→ WORK REQUIRED
Down to the final line, return the records unchanged.
* * * * * * *
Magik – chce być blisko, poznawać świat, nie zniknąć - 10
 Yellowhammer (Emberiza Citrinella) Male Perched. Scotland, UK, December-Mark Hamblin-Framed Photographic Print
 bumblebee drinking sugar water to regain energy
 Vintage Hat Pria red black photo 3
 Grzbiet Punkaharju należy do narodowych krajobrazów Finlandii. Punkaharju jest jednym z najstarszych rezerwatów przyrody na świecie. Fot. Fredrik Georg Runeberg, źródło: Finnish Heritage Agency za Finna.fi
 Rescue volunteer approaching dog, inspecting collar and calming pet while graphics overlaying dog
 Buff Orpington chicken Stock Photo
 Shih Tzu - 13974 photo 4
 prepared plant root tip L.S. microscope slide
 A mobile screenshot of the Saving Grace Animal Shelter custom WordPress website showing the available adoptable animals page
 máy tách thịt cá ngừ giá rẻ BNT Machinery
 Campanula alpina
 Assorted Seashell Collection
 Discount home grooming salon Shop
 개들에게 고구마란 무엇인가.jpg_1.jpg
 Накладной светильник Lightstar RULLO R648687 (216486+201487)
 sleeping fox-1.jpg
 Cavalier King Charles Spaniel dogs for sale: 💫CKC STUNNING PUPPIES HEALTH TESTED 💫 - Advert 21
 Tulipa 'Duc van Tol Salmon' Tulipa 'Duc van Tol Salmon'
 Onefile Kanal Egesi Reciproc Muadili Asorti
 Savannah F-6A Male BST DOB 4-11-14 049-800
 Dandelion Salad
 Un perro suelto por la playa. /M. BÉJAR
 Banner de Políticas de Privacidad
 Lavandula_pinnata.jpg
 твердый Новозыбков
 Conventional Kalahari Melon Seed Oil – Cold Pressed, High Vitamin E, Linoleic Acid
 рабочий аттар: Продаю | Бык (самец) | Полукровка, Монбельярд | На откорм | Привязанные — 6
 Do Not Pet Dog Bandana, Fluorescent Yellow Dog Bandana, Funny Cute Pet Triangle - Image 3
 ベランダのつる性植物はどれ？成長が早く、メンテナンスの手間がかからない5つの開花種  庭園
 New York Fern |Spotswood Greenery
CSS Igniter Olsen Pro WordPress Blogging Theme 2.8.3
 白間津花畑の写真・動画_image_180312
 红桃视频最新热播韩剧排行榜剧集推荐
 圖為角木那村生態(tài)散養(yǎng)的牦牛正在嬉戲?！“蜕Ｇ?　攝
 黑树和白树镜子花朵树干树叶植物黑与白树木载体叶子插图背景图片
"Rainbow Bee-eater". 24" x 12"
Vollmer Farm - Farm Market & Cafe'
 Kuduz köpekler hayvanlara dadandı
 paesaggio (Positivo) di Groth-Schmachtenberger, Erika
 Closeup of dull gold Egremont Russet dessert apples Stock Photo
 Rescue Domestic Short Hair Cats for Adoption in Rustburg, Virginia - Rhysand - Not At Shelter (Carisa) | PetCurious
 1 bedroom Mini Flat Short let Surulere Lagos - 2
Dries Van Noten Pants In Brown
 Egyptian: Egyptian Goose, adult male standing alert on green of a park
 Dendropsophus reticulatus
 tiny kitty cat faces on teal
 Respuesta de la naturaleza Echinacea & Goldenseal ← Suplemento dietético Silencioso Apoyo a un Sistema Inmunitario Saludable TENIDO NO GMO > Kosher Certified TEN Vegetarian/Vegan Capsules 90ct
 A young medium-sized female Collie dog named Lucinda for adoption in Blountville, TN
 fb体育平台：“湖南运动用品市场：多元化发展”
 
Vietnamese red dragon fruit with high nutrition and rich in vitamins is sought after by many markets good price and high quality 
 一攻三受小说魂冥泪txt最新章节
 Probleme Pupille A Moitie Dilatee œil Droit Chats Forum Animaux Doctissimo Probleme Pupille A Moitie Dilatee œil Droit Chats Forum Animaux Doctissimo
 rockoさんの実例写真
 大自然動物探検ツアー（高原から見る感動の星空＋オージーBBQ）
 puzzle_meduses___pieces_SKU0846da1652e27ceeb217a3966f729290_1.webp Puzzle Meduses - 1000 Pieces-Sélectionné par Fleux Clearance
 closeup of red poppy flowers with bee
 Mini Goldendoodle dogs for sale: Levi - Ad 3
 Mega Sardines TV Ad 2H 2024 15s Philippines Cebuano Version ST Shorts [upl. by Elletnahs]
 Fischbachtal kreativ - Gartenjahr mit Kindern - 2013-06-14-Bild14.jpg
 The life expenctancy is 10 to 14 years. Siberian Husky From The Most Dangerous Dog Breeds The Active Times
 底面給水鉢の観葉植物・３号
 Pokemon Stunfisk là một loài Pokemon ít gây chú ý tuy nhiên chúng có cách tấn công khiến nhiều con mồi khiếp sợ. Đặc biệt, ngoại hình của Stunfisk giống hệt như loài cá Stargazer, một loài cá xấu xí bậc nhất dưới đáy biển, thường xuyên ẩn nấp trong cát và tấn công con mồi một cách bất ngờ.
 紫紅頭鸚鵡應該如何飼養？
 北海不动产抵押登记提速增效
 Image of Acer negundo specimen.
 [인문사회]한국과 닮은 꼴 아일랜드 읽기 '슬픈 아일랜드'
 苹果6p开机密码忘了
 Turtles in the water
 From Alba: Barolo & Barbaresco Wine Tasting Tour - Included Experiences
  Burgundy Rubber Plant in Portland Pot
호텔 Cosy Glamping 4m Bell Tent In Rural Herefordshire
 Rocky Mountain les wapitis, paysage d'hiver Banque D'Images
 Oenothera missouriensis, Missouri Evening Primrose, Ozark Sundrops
* * * * * * *
→ OUTPUT FOR THIS EXERCISE
Magik – chce być blisko, poznawać świat, nie zniknąć - 10
 Yellowhammer (Emberiza Citrinella) Male Perched. Scotland, UK, December-Mark Hamblin-Framed Photographic Print
 bumblebee drinking sugar water to regain energy
 Vintage Hat Pria red black photo 3
 Grzbiet Punkaharju należy do narodowych krajobrazów Finlandii. Punkaharju jest jednym z najstarszych rezerwatów przyrody na świecie. Fot. Fredrik Georg Runeberg, źródło: Finnish Heritage Agency za Finna.fi
 Rescue volunteer approaching dog, inspecting collar and calming pet while graphics overlaying dog
 Buff Orpington chicken Stock Photo
 Shih Tzu - 13974 photo 4
 prepared plant root tip L.S. microscope slide
 A mobile screenshot of the Saving Grace Animal Shelter custom WordPress website showing the available adoptable animals page
 máy tách thịt cá ngừ giá rẻ BNT Machinery
 Campanula alpina
 Assorted Seashell Collection
 Discount home grooming salon Shop
 개들에게 고구마란 무엇인가.jpg_1.jpg
 Накладной светильник Lightstar RULLO R648687 (216486+201487)
 sleeping fox-1.jpg
 Cavalier King Charles Spaniel dogs for sale: 💫CKC STUNNING PUPPIES HEALTH TESTED 💫 - Advert 21
 Tulipa 'Duc van Tol Salmon' Tulipa 'Duc van Tol Salmon'
 Onefile Kanal Egesi Reciproc Muadili Asorti
 Savannah F-6A Male BST DOB 4-11-14 049-800
 Dandelion Salad
 Un perro suelto por la playa. /M. BÉJAR
 Banner de Políticas de Privacidad
 Lavandula_pinnata.jpg
 твердый Новозыбков
 Conventional Kalahari Melon Seed Oil – Cold Pressed, High Vitamin E, Linoleic Acid
 рабочий аттар: Продаю | Бык (самец) | Полукровка, Монбельярд | На откорм | Привязанные — 6
 Do Not Pet Dog Bandana, Fluorescent Yellow Dog Bandana, Funny Cute Pet Triangle - Image 3
 ベランダのつる性植物はどれ？成長が早く、メンテナンスの手間がかからない5つの開花種  庭園
 New York Fern |Spotswood Greenery
CSS Igniter Olsen Pro WordPress Blogging Theme 2.8.3
 白間津花畑の写真・動画_image_180312
 红桃视频最新热播韩剧排行榜剧集推荐
 圖為角木那村生態(tài)散養(yǎng)的牦牛正在嬉戲?！“蜕Ｇ?　攝
 黑树和白树镜子花朵树干树叶植物黑与白树木载体叶子插图背景图片
"Rainbow Bee-eater". 24" x 12"
Vollmer Farm - Farm Market & Cafe'
 Kuduz köpekler hayvanlara dadandı
 paesaggio (Positivo) di Groth-Schmachtenberger, Erika
 Closeup of dull gold Egremont Russet dessert apples Stock Photo
 Rescue Domestic Short Hair Cats for Adoption in Rustburg, Virginia - Rhysand - Not At Shelter (Carisa) | PetCurious
 1 bedroom Mini Flat Short let Surulere Lagos - 2
Dries Van Noten Pants In Brown
 Egyptian: Egyptian Goose, adult male standing alert on green of a park
 Dendropsophus reticulatus
 tiny kitty cat faces on teal
 Respuesta de la naturaleza Echinacea & Goldenseal ← Suplemento dietético Silencioso Apoyo a un Sistema Inmunitario Saludable TENIDO NO GMO > Kosher Certified TEN Vegetarian/Vegan Capsules 90ct
 A young medium-sized female Collie dog named Lucinda for adoption in Blountville, TN
 fb体育平台：“湖南运动用品市场：多元化发展”
 
Vietnamese red dragon fruit with high nutrition and rich in vitamins is sought after by many markets good price and high quality 
 一攻三受小说魂冥泪txt最新章节
 Probleme Pupille A Moitie Dilatee œil Droit Chats Forum Animaux Doctissimo Probleme Pupille A Moitie Dilatee œil Droit Chats Forum Animaux Doctissimo
 rockoさんの実例写真
 大自然動物探検ツアー（高原から見る感動の星空＋オージーBBQ）
 puzzle_meduses___pieces_SKU0846da1652e27ceeb217a3966f729290_1.webp Puzzle Meduses - 1000 Pieces-Sélectionné par Fleux Clearance
 closeup of red poppy flowers with bee
 Mini Goldendoodle dogs for sale: Levi - Ad 3
 Mega Sardines TV Ad 2H 2024 15s Philippines Cebuano Version ST Shorts [upl. by Elletnahs]
 Fischbachtal kreativ - Gartenjahr mit Kindern - 2013-06-14-Bild14.jpg
 The life expenctancy is 10 to 14 years. Siberian Husky From The Most Dangerous Dog Breeds The Active Times
 底面給水鉢の観葉植物・３号
 Pokemon Stunfisk là một loài Pokemon ít gây chú ý tuy nhiên chúng có cách tấn công khiến nhiều con mồi khiếp sợ. Đặc biệt, ngoại hình của Stunfisk giống hệt như loài cá Stargazer, một loài cá xấu xí bậc nhất dưới đáy biển, thường xuyên ẩn nấp trong cát và tấn công con mồi một cách bất ngờ.
 紫紅頭鸚鵡應該如何飼養？
 北海不动产抵押登记提速增效
 Image of Acer negundo specimen.
 [인문사회]한국과 닮은 꼴 아일랜드 읽기 '슬픈 아일랜드'
 苹果6p开机密码忘了
 Turtles in the water
 From Alba: Barolo & Barbaresco Wine Tasting Tour - Included Experiences
  Burgundy Rubber Plant in Portland Pot
호텔 Cosy Glamping 4m Bell Tent In Rural Herefordshire
 Rocky Mountain les wapitis, paysage d'hiver Banque D'Images
 Oenothera missouriensis, Missouri Evening Primrose, Ozark Sundrops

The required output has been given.